═══ WORKING DATA

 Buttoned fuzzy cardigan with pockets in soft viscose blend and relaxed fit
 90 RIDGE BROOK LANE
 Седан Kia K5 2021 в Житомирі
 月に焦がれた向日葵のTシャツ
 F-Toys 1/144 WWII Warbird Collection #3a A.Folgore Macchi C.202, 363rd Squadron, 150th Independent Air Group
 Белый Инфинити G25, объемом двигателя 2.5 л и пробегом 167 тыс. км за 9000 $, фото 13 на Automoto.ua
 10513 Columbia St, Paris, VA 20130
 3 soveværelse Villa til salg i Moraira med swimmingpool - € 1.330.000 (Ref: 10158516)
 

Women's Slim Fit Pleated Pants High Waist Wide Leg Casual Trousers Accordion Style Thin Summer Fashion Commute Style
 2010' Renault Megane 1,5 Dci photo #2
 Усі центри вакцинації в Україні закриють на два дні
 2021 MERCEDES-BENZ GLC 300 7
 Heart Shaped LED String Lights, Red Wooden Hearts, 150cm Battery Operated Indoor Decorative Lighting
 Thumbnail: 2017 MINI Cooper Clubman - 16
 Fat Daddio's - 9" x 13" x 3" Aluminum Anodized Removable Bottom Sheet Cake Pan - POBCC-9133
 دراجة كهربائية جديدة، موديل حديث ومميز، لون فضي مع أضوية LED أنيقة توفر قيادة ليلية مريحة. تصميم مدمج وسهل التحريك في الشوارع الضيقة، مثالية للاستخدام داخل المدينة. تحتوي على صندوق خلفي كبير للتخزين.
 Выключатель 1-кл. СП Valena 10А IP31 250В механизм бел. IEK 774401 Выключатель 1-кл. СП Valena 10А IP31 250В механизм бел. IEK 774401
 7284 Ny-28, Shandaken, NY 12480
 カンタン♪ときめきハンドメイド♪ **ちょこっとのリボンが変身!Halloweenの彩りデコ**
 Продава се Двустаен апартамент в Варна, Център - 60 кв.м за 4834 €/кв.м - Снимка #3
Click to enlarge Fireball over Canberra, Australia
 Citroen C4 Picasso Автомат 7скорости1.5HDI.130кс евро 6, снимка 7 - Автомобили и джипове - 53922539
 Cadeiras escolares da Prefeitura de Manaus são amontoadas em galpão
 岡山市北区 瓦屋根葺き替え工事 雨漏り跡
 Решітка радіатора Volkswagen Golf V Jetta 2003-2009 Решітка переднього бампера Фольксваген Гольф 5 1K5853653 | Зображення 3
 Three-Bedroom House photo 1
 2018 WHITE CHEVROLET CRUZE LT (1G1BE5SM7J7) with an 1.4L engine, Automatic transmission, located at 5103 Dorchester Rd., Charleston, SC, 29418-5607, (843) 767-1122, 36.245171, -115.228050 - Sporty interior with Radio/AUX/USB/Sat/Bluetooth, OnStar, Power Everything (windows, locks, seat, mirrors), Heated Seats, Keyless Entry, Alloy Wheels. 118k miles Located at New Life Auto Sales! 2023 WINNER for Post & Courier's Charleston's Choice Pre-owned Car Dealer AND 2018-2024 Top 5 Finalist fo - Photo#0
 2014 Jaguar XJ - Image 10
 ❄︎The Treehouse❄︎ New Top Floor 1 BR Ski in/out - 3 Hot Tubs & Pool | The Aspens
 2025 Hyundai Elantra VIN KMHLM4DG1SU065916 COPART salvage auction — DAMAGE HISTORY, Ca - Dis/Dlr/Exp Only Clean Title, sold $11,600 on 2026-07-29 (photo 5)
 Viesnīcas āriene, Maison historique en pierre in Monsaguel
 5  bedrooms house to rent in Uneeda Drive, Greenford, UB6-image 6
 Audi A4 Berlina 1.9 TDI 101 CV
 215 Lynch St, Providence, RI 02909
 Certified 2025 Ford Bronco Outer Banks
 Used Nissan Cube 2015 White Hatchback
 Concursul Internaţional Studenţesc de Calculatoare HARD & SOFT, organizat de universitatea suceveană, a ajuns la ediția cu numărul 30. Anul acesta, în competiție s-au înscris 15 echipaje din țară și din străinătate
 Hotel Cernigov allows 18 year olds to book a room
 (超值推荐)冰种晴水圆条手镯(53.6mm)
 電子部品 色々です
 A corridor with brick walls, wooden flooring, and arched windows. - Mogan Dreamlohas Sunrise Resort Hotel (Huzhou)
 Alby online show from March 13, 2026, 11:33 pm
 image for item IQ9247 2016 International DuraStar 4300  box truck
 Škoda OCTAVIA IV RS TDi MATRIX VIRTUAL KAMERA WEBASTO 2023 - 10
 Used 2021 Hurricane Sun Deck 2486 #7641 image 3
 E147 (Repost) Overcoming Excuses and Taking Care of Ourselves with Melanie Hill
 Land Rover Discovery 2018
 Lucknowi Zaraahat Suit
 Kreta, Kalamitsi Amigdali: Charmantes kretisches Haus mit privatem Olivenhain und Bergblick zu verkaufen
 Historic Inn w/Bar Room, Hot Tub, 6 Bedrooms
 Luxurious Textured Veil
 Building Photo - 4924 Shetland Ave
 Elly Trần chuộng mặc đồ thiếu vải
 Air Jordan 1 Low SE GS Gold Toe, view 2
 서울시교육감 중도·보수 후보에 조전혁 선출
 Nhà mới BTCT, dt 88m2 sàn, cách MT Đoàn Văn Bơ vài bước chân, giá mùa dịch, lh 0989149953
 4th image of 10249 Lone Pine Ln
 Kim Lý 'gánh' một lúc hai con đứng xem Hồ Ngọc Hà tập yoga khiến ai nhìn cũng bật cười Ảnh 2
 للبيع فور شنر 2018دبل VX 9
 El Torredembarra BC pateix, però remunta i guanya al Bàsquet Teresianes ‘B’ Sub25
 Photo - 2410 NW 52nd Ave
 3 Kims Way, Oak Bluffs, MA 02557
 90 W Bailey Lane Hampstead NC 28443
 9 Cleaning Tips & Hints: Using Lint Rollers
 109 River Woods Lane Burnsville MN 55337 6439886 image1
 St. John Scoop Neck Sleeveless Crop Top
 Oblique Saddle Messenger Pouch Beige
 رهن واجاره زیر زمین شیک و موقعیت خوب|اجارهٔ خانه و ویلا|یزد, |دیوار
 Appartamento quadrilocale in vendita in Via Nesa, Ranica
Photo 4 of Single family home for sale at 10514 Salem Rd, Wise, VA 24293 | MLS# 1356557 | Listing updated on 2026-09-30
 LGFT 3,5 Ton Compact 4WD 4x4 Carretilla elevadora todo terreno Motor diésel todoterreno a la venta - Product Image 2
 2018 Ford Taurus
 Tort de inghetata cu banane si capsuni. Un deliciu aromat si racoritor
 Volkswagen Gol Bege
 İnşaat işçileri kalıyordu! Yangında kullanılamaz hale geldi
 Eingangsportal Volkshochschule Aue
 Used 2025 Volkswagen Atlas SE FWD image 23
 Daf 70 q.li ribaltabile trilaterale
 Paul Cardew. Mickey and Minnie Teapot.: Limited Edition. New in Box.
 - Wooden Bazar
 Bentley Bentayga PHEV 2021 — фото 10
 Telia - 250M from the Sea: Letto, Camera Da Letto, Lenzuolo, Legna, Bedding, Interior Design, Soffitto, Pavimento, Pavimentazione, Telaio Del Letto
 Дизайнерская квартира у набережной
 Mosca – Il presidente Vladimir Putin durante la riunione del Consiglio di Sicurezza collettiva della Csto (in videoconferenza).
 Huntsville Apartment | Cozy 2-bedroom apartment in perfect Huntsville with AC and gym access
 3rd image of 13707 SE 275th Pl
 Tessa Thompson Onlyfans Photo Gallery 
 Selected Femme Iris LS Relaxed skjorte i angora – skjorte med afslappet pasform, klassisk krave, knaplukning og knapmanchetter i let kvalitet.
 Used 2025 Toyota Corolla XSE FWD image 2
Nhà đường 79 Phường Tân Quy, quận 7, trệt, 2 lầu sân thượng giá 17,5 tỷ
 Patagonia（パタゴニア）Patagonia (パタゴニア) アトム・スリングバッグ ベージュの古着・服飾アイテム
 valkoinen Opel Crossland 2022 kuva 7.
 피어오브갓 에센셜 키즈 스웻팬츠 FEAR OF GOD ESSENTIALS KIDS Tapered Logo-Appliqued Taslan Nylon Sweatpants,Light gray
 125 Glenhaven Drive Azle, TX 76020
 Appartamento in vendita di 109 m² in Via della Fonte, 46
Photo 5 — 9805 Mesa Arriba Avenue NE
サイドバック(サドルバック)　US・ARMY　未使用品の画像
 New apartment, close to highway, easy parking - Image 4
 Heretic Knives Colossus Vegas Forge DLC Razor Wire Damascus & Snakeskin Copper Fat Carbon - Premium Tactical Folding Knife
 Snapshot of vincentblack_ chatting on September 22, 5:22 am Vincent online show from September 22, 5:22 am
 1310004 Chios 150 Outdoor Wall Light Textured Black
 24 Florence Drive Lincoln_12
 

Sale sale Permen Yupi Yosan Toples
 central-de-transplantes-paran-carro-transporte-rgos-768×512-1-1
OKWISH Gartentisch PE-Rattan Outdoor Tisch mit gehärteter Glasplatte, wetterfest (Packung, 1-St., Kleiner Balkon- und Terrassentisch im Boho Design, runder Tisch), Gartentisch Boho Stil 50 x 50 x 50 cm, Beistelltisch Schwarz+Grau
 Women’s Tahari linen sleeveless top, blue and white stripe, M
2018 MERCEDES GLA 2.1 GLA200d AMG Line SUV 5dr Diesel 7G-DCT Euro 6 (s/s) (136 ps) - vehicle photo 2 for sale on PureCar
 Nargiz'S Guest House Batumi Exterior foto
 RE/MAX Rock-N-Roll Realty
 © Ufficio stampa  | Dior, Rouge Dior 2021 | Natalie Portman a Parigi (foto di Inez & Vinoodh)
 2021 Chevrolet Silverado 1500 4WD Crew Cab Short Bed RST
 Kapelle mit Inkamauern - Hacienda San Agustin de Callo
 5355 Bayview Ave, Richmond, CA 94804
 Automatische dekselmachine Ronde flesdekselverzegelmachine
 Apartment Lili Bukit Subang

══════

## ACTION ITEM
In the listing above, find the line containing "Elly Trần chuộng mặc đồ thiếu vải" and the line containing "9 Cleaning Tips & Hints: Using Lint Rollers", then retype both and every line between them exactly, with nothing else.

## WRITTEN ANSWER
 Elly Trần chuộng mặc đồ thiếu vải
 Air Jordan 1 Low SE GS Gold Toe, view 2
 서울시교육감 중도·보수 후보에 조전혁 선출
 Nhà mới BTCT, dt 88m2 sàn, cách MT Đoàn Văn Bơ vài bước chân, giá mùa dịch, lh 0989149953
 4th image of 10249 Lone Pine Ln
 Kim Lý 'gánh' một lúc hai con đứng xem Hồ Ngọc Hà tập yoga khiến ai nhìn cũng bật cười Ảnh 2
 للبيع فور شنر 2018دبل VX 9
 El Torredembarra BC pateix, però remunta i guanya al Bàsquet Teresianes ‘B’ Sub25
 Photo - 2410 NW 52nd Ave
 3 Kims Way, Oak Bluffs, MA 02557
 90 W Bailey Lane Hampstead NC 28443
 9 Cleaning Tips & Hints: Using Lint Rollers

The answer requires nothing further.